What you need to do
What the response needs is every record, repeated verbatim, and no images.

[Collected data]

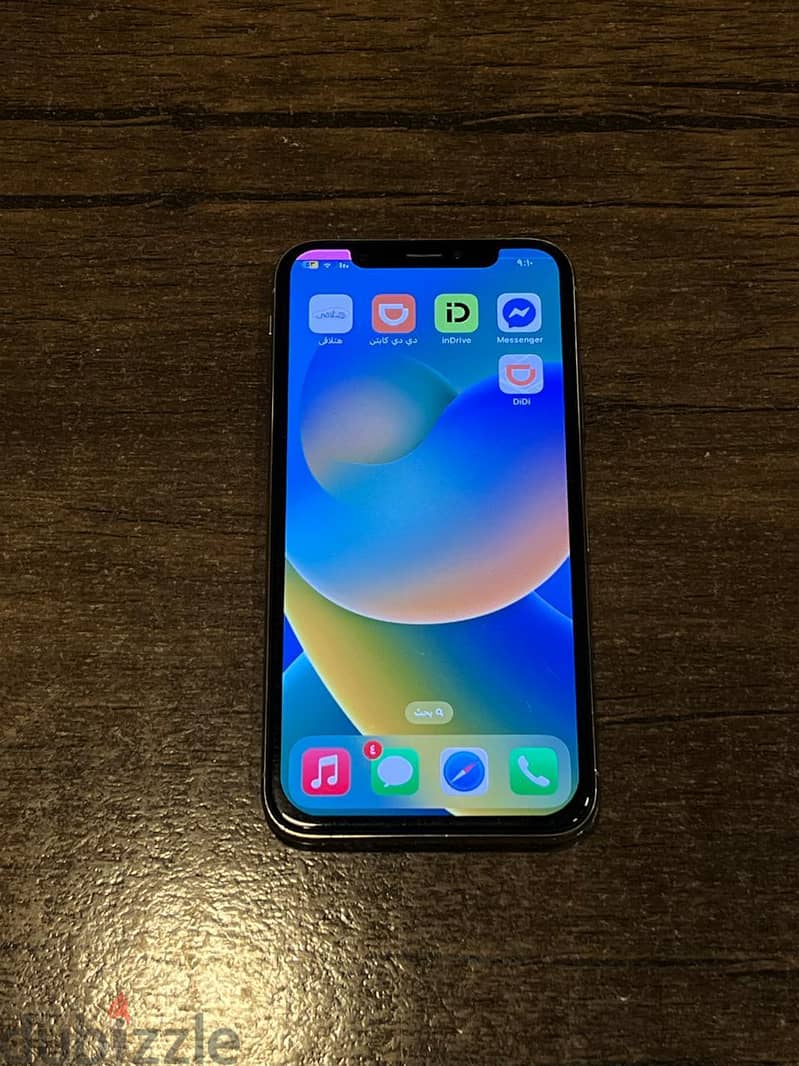 Apple - iPhone X 16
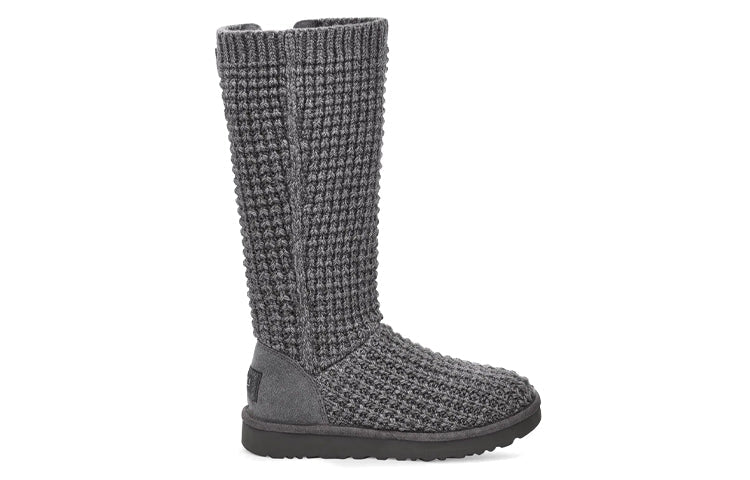 (WMNS) UGG Classic Tall Boot 'Grey' 1112478-CHRC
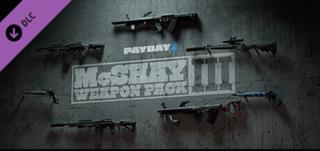 (РФ&СНГ-STEAM) PAYDAY 2: McShay Weapon Pack 3 [DLC] | передача гифтом | НЕДОРОГО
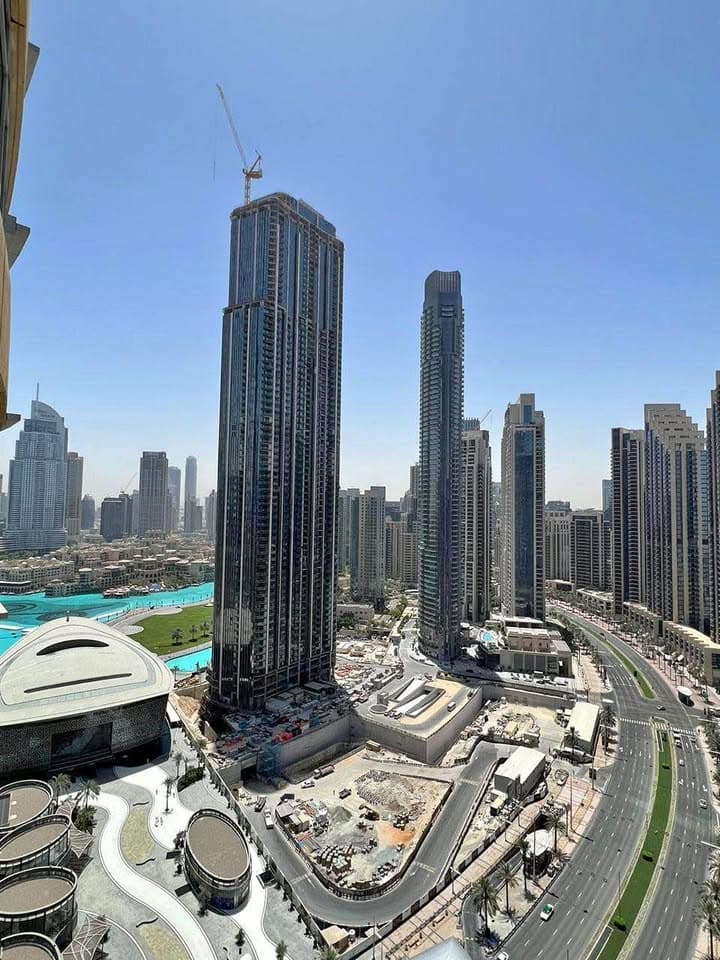 💎 For rent 1BR | High Floor (25th) | 740 Sq.Ft | Fully Furn封面图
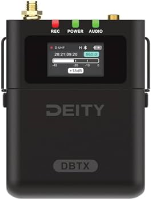 Deity THEOS DBTX Bodypack Transmitter (Global version)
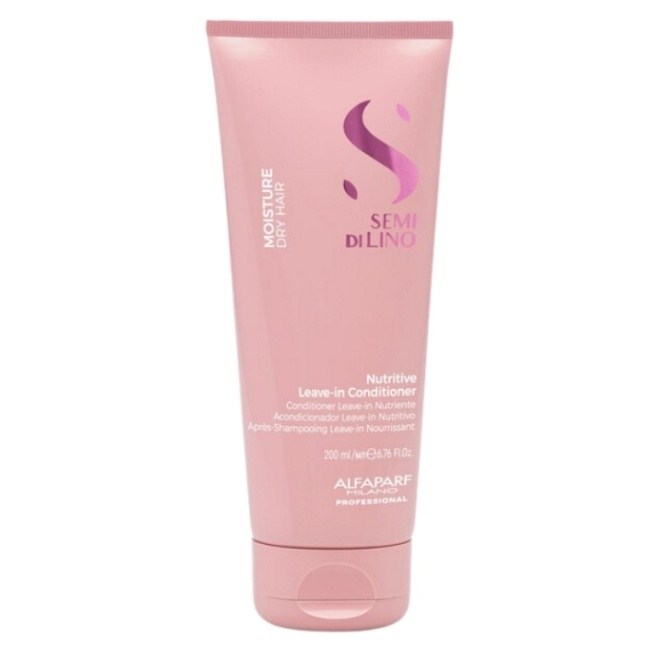 E-shop Alfaparf Milano Semi di Lino Moisture Výživný kondicionér leave-in 200 ml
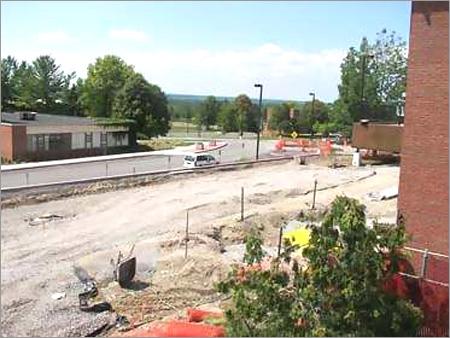 Engineering Contracts For Roads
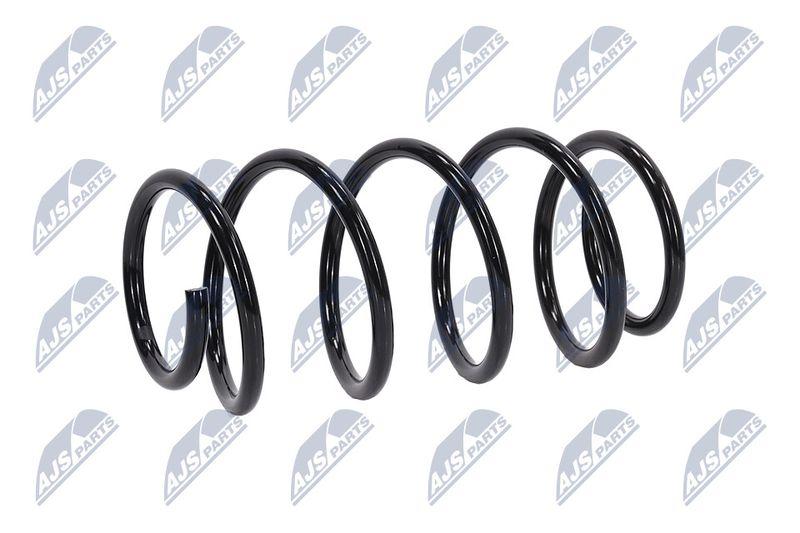 Ressort de suspension NTY ASZ-AU-017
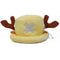 Gorro Peluche Niña Escolar Kawaii - Diseño Cartoon Adorable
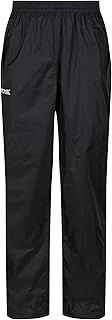 Regatta Pack-It Mens Waterproof Overtrousers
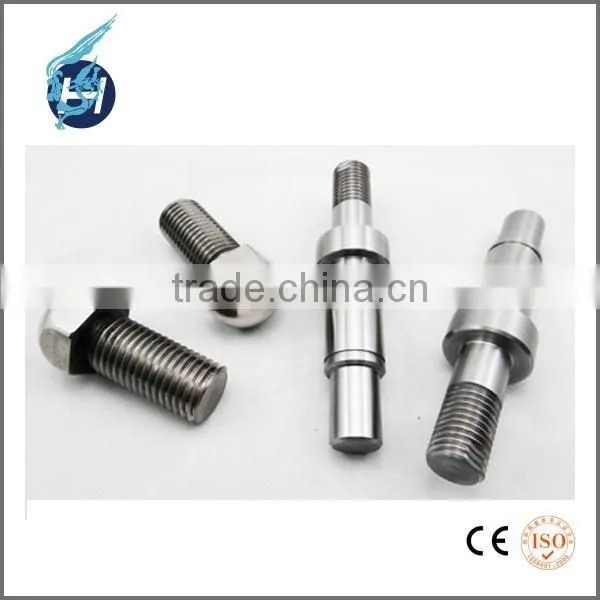Stainless Steel Steel Forging Linear Axle Motor Transmission Spline Shaft Sleeve Coupling photo-6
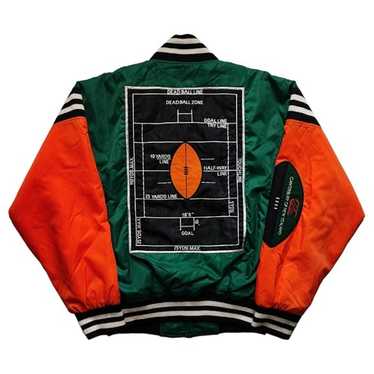 New zealand canterbury of varsity jacket - Gem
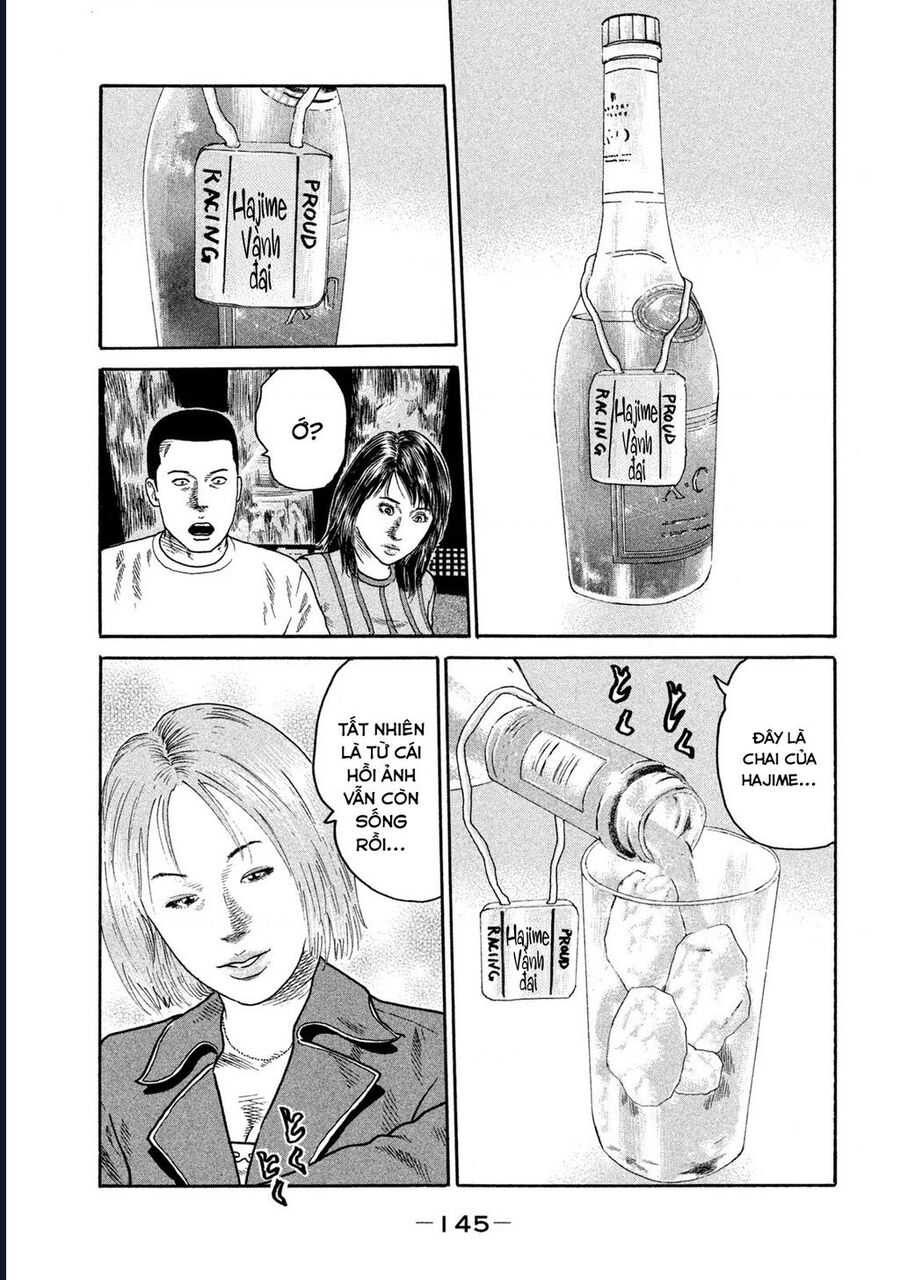 Naniwa Tomoare Chapter 190 - Next Chapter 191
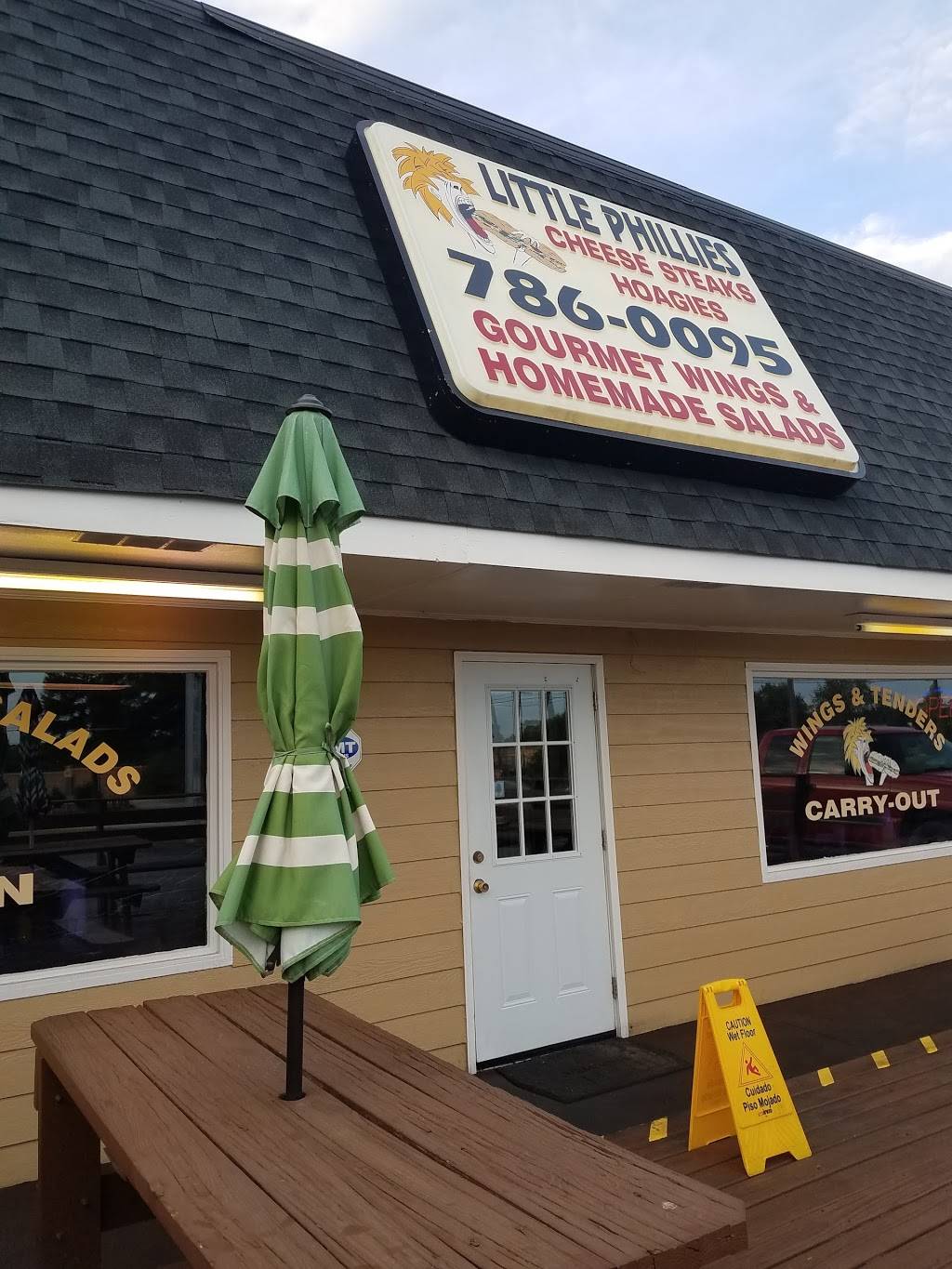 Little Phillies | restaurant | 10255 Industrial Blvd D, Covington, GA 30014, USA | 7707860095 OR +1 770-786-0095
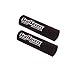 Seal Savers Fork Covers 36-43mm Fork Tube, Short Black - Fits: Honda CRF230L 2008-2009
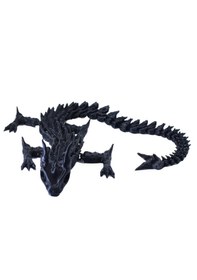 Resim Hareketli Ejderha Figürü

Worked solution
 Apple - iPhone X 16
 (WMNS) UGG Classic Tall Boot 'Grey' 1112478-CHRC
 (РФ&СНГ-STEAM) PAYDAY 2: McShay Weapon Pack 3 [DLC] | передача гифтом | НЕДОРОГО
 💎 For rent 1BR | High Floor (25th) | 740 Sq.Ft | Fully Furn封面图
 Deity THEOS DBTX Bodypack Transmitter (Global version)
 E-shop Alfaparf Milano Semi di Lino Moisture Výživný kondicionér leave-in 200 ml
 Engineering Contracts For Roads
 Ressort de suspension NTY ASZ-AU-017
 Gorro Peluche Niña Escolar Kawaii - Diseño Cartoon Adorable
 Regatta Pack-It Mens Waterproof Overtrousers
Stainless Steel Steel Forging Linear Axle Motor Transmission Spline Shaft Sleeve Coupling photo-6
 New zealand canterbury of varsity jacket - Gem
 Naniwa Tomoare Chapter 190 - Next Chapter 191
 Little Phillies | restaurant | 10255 Industrial Blvd D, Covington, GA 30014, USA | 7707860095 OR +1 770-786-0095
 Seal Savers Fork Covers 36-43mm Fork Tube, Short Black - Fits: Honda CRF230L 2008-2009
 Resim Hareketli Ejderha Figürü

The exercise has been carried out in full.